→ **TASK INSTRUCTIONS**
Take the entries below and print, exactly, the stretch from the line containing "Black quadcopter drone" through the line containing "Ancient Buddhist bronze", both included.
[DATA PROVIDED Boundary: Start]
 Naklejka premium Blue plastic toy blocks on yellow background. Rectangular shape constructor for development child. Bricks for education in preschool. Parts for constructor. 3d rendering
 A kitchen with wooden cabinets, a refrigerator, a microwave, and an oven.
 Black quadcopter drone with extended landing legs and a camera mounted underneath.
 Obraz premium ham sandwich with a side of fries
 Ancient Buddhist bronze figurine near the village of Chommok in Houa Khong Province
[DATA PROVIDED Boundary: End]
[DATA PROVIDED Boundary: Start]
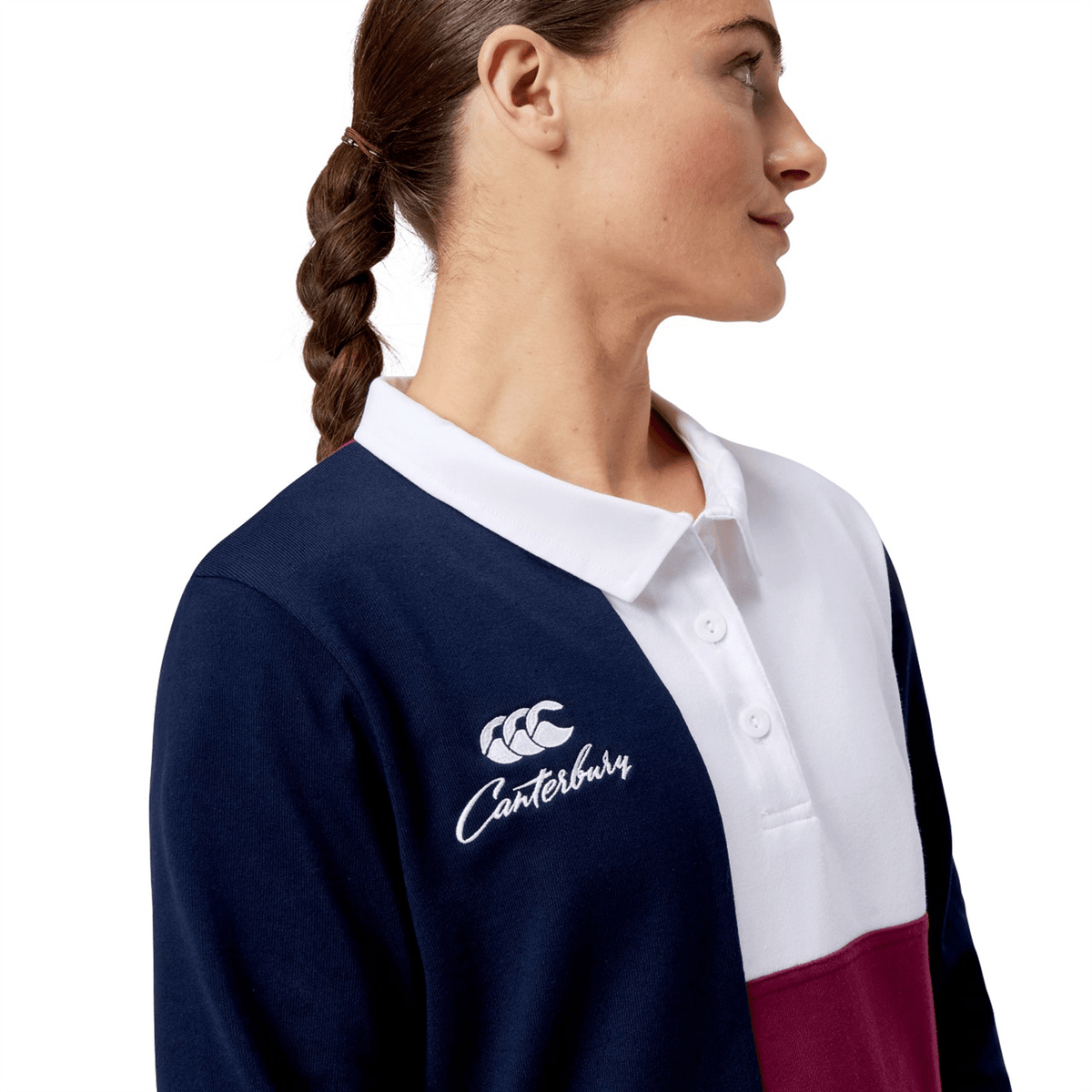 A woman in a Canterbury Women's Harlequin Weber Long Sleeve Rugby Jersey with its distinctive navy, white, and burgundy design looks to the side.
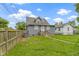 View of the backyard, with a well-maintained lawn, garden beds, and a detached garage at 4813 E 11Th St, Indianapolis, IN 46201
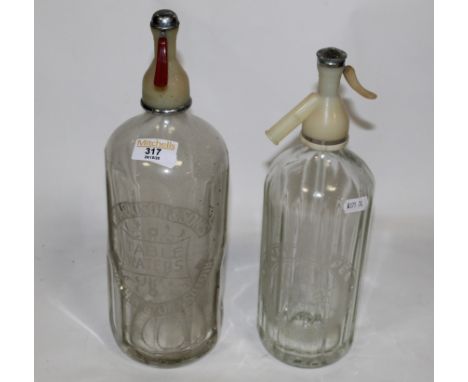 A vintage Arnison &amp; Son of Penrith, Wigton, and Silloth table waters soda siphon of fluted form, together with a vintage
[DATA PROVIDED Boundary: End]
[DATA PROVIDED Boundary: Start]
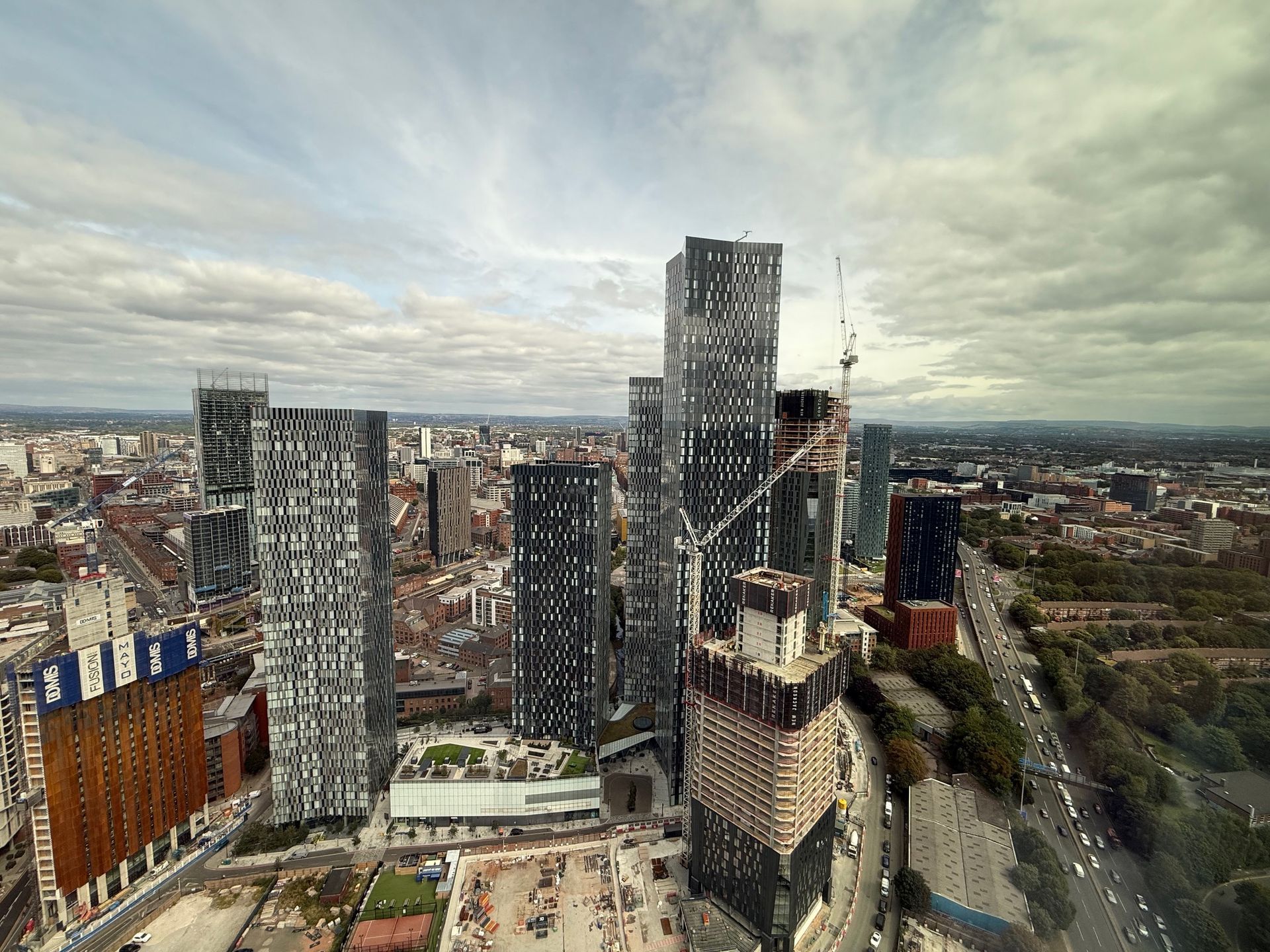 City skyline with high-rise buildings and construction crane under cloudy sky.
[DATA PROVIDED Boundary: End]
→ **RESPONSE TO THIS EXERCISE**
 Black quadcopter drone with extended landing legs and a camera mounted underneath.
 Obraz premium ham sandwich with a side of fries
 Ancient Buddhist bronze figurine near the village of Chommok in Houa Khong Province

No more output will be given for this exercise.